FORTH-ModelBasedTracker / MocapNET

We present MocapNET, a real-time method that estimates the 3D human pose directly in the popular Bio Vision Hierarchy (BVH) format, given estimations of the 2D body joints originating from monocular color images. Our contributions include: (a) A novel and compact 2D pose NSRM representation. (b) A human body orientation classifier and an ensemble of orientation-tuned neural networks that regress the 3D human pose by also allowing for the decomposition of the body to an upper and lower kinematic hierarchy. This permits the recovery of the human pose even in the case of significant occlusions. (c) An efficient Inverse Kinematics solver that refines the neural-network-based solution providing 3D human pose estimations that are consistent with the limb sizes of a target person (if known). All the above yield a 33% accuracy improvement on the Human 3.6 Million (H3.6M) dataset compared to the baseline method (MocapNET) while maintaining real-time performance
https://www.youtube.com/watch?v=Jgz1MRq-I-k
Other
858 stars 137 forks source link

Questions about converting OpenPose .json files to .bvh #51

Closed Aurosutru closed 3 years ago

Aurosutru commented 3 years ago

When attempting to run convertOpenPoseJSONToCSV using a copy of the output folder from OpenPose that contains 273 000000000xxx_keypoints.json files the following is output:

tm@tm-VirtualBox:~/Downloads/MocapNET$ ./convertOpenPoseJSONToCSV --from output/ -o
File output//colorFrame_0_00001.jpg does not exist, unable to get its dimensions..
Assuming default image dimensions 1920x1080 , you can change this using --size x y
Threshold is set to 0.50
Processing : 
Stopping search after 1000 checks ..
findFirstJSONFileInDirectory: failed to find any JSON files.. :(
Path : output/ 
Format : %s/%s%05u_keypoints.json 
Label : colorFrame_0_ 
Failed to find a JSON file..!
 tm@tm-VirtualBox:~/Downloads/MocapNET$ 

The name of the first json file is Test1_000000000000_keypoints.json

Why can’t this find the json files? In the steps for using this utility listed at the top of its code it mentions jpeg files but not json files. Can it convert OpenPose json files to CSV files without the need for jpeg files?

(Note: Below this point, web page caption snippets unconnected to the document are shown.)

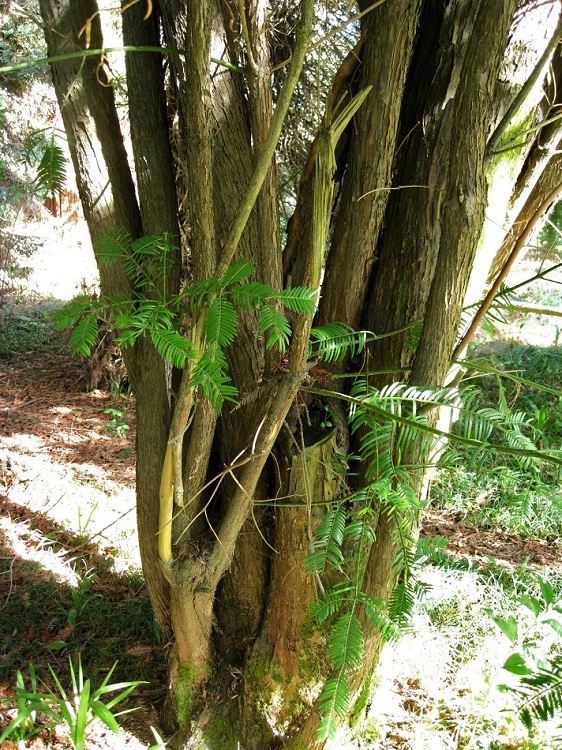 Image of Cephalotaxus harringtonia specimen.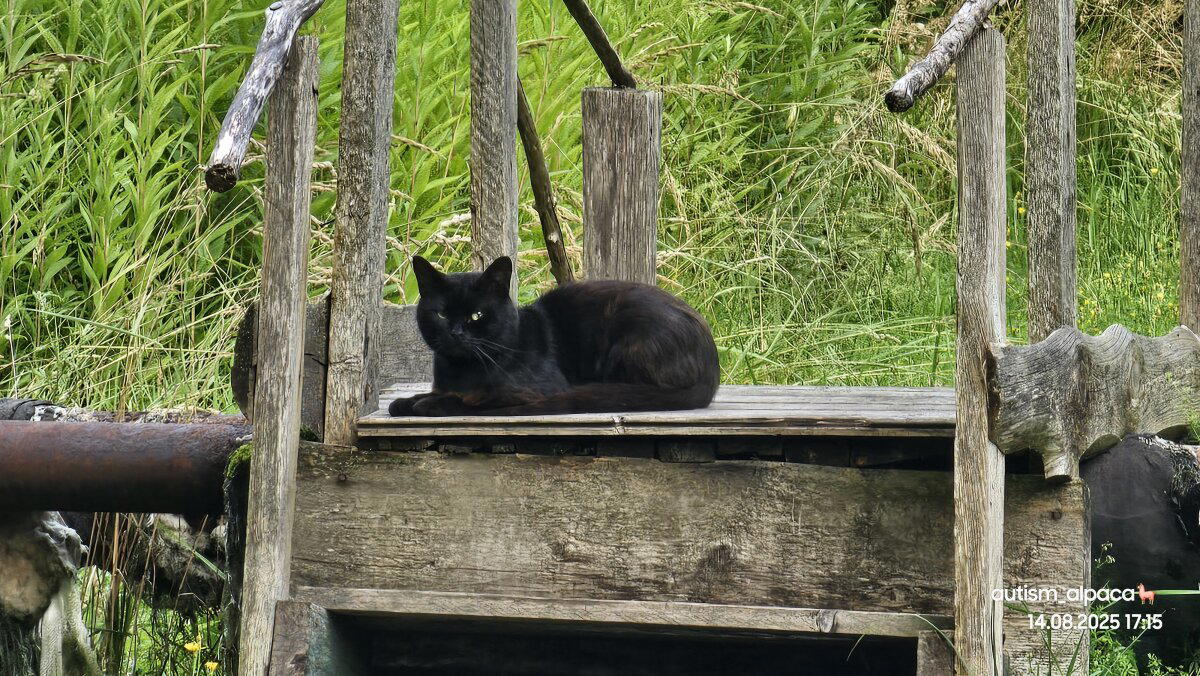 140825•10425/О сельских котах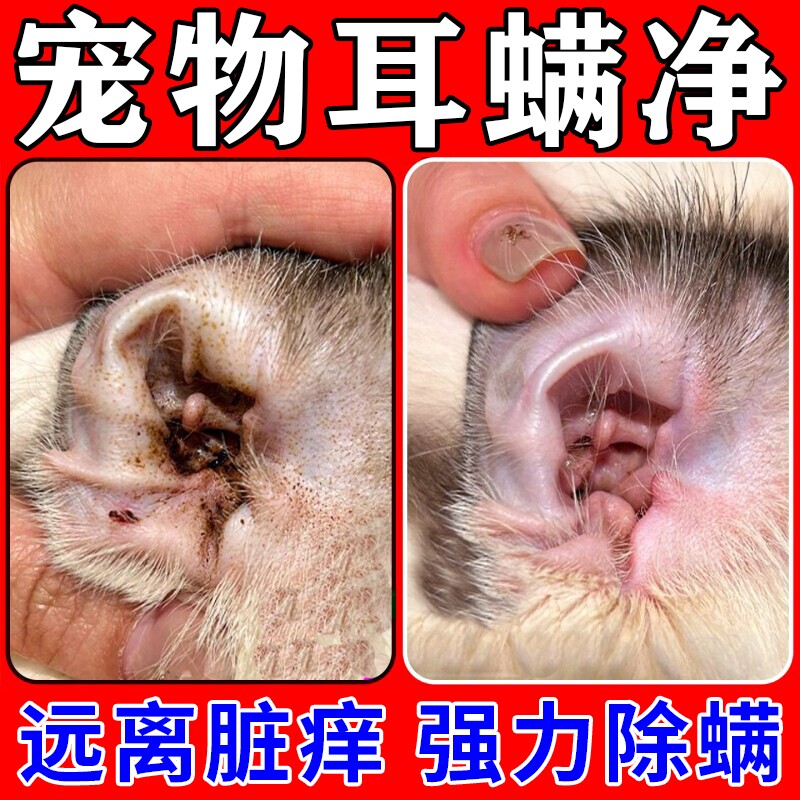 猫咪除耳螨专用清洁猫耳粉洗耳粉狗狗耳粉耳朵洗耳液S除螨洁耳图片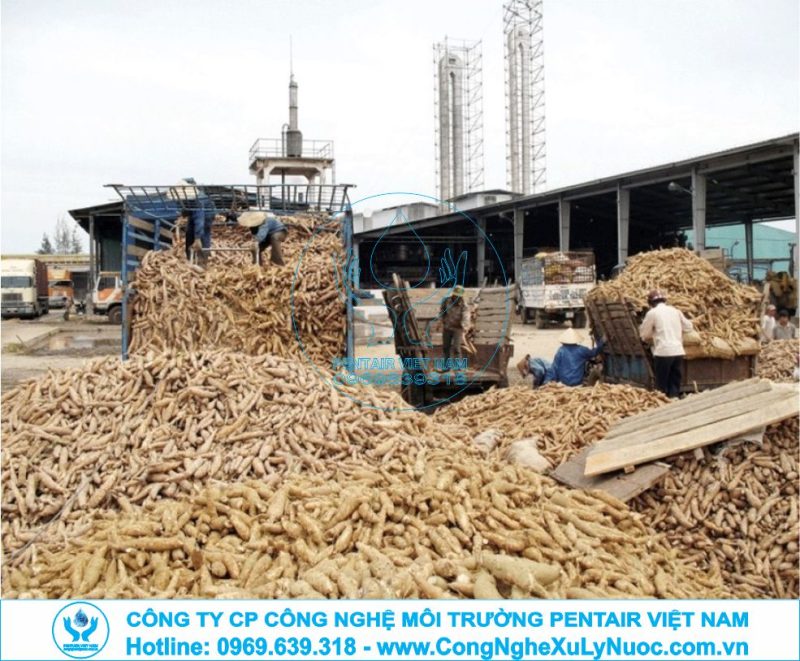 Hệ thống xử lý nước thải nhà máy sản xuất tinh bột với bể phản ứng kỵ khí hiện đại.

How is the mocapnet2CSV utility to be used? The comment section at the top of its code says:

After running initialize.sh there is no test.csv file to be found in the MocapNET directory, but there is a TestCSV binary.

The result of running this program is:

> tm@tm-VirtualBox:~/Downloads/MocapNET$ ./MocapNET2CSV --from output --visualize
> CPU :  Intel(R) Core(TM) i7-10750H CPU @ 2.60GHz
> GPU :  VMware SVGA II Adapter
> Visualization enabled
> The path output doesn't look like a CSV file.. 
> tm@tm-VirtualBox:~/Downloads/MocapNET$ Your version is up to date

Is this utility designed to accept the output from the convertOpenPoseJSONToCSV utility and convert it into a BVH file?
Or will it actually work on the output folder of OpenPose JSON files directly, as apparently stated?

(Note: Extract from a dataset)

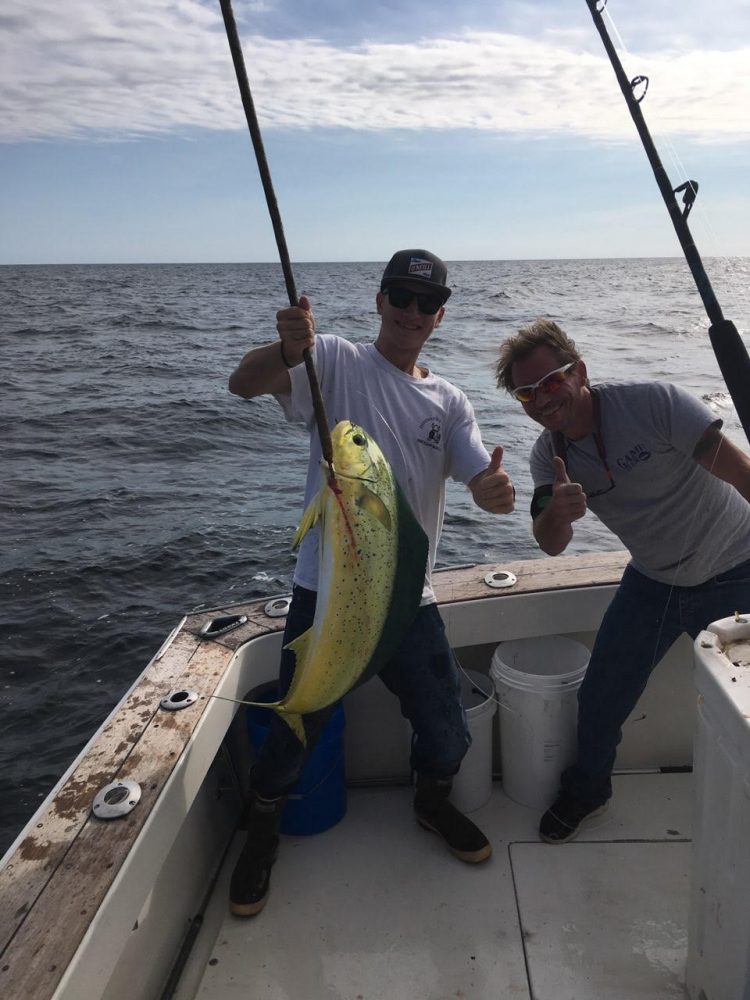 mahi mahi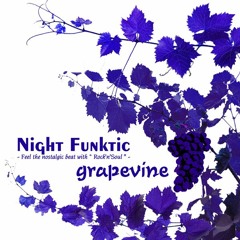 Grapevine 45sec. edited ver. by NIGHT FUNKtic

AmmarkoV commented 3 years ago

Hello, Check this dataset / 1.5GB

After downloading and extracting it somewhere if you use

 ./Mocapnet2CSV --from path/to/sven.mp4-data/2dJoints_v1.4.csv

You should see the program operation using OpenPose output

Image files should have colorFrame_0_xxxxx.jpg like names OpenPose files should have the colorFrame_0_xxxxx_keypoints.json name pattern

The .json files must be converted to a CSV file before ( see 2dJoints_v1.4.csv ) You can do this using

./convertOpenPoseJSONToCSV  --from path/to/sven.mp4-data/

This script shows the steps performed on a video file..

Aurosutru commented 3 years ago

Using the input formats exactly as you described both programs are now working nicely.

The Readme.md has a picture with the subtitle: ./MocapNET2LiveWebcamDemo --from shuffle.webm --openpose --show 3 --frames 375 showing the dancer with closed fists, but the armature has open fingers. With tweaks OpenPose can output 2D data with fingers quite accurately. Can MocapNET convert those json files to finger movements in a .bvh file, perhaps by using a --hand argument?

I have put together a short workflow document for processing 2D video with OpenPose having highest accuracy and then converting the output to a .bvh file using MocapNET. Would this be of interest for posting here or elsewhere?

AmmarkoV commented 3 years ago

Good to hear! The hands are work in progress, they are already supported in my development snapshot but the work on extending the neural network to accommodate them has not yet been published. The picture is probably from my dev snapshot ( Its hard to enable disable features all the time, so it slipped by ).. The code in this repository lacks the hand NSRM conversion code as well as the neural network (.pb) models to handle them, however I hope that I can soon publish them, so in the future there will also be hand and face controls (along with any quality improvements on the body)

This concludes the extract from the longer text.